その言葉に、俺達は智天使ケルビムを見つめていた。


「じゃあ、行くよ!相沢さん」


「はやと、みんなは?」


「何とか説得したよ」


そう言って、笑ってるのは間違いなく鴨池はやてだ。


「拓夢、君の誤解をちゃんと解いてくるよ」


そう言って、鴨池はやては俺の手を握りしめた。


「お願いします」


俺は、深々と頭を下げた。


「頼むよ!はやと」


相沢さんは、鴨池はやての背中を叩いた。


ド、ドン、ドン…


とドラムの音が響いたと思ったら…。


♪(想像された世界で)♪


智天使ケルビムの音楽が流れ始めた。

あんなに怒っていた人達が、「キャー、キャー」と黄色い声援を送り始める。


「SNOWROSEのみんな、ちゃんと目に焼き付けな!これが、智天使ケルビムだ」


相沢さんにそう言われて俺達は、舞台に上がった智天使ケルビムを見つめる。智天使ケルビムの顔は、スモークと光でうまく見えないようになっている。


「皆さん、こんばんは!智天使ケルビムです」


「キャー、キャー」


「一時間ちょっと遅れてごめんなさい。俺達、色々話し合ってた」


「いいよー、いいよー」


たくさんのお客さんが、智天使ケルビムが来た事に歓声をあげてる。


「週刊紙だったり、掲示板だったり、SNOWROSEの事、色々言われてるだろ?」


「不倫は駄目!」


「不貞行為するバンドはありえない」


みんなが叫ぶ。


「おいおい!そんな風に言うなよ!智天使ケルビムを愛してくれる天使は、智天使ケルビムが応援するものを純粋に応援して欲しいんだ」


「するー、するー」


そう言って、みんなが叫んでる。


「天使って何ですか?」まっつんが相沢さんに尋ねる。


「あー、智天使ケルビムは、ファンを天使って呼んでるんだよ」


そう言って、相沢さんは笑っていた。


「今から、智天使ケルビムが君達の味方になる。
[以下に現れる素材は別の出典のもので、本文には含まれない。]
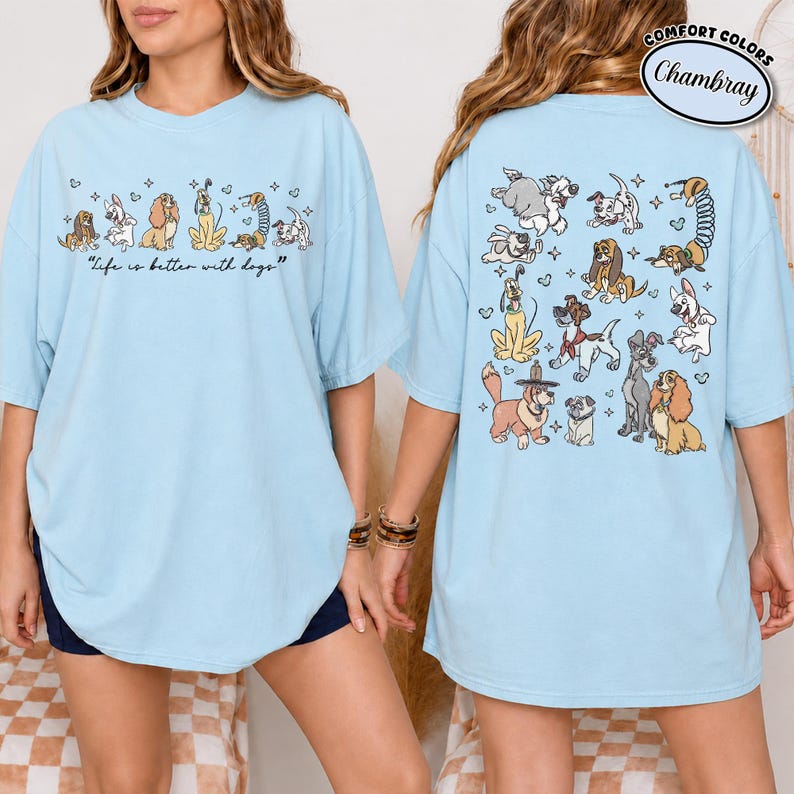 Puede incluir: Camiseta azul claro con ilustraciones de perros. La parte delantera presenta una fila de diferentes razas de perros con la frase "Life is better with dogs." La parte trasera de la camiseta muestra m&aacute;s dibujos de perros. La camiseta tiene mangas cortas y un corte holgado.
そしたら、どうなるかわかる?」


相沢さんは、俺達の肩を叩いた。


「SNOWROSEは、売れるんだ」


そう言って、相沢さんは笑った。俺は、智天使ケルビムを見つめていた。


「じゃあ、今回俺がSNOWROSEのデビューイベントに何で参加しようと決めたかお話しようと思います」


「はやとー、はやとー」


ファンの皆さんが、叫びだした。


はやとさん、ジュンさん、もっちんさん、ユウさんが話し始める。


「こんな風に聞いても、まだSNOWROSEは応援できない?」


「するー」


「応援するよ」


「味方になるよ」


会場内のあちこちで、そんな声が響いてくる。


「相沢さん」


「凄いだろ?これが、智天使ケルビムなんだ」


相沢さんは、そう言いながら笑ってる。


「じゃあ、もう少ししたら君達の出番だよ!用意しようか」


「はい」


俺達は、そう言われて用意を始める。俺は、緊張して、ドキドキする。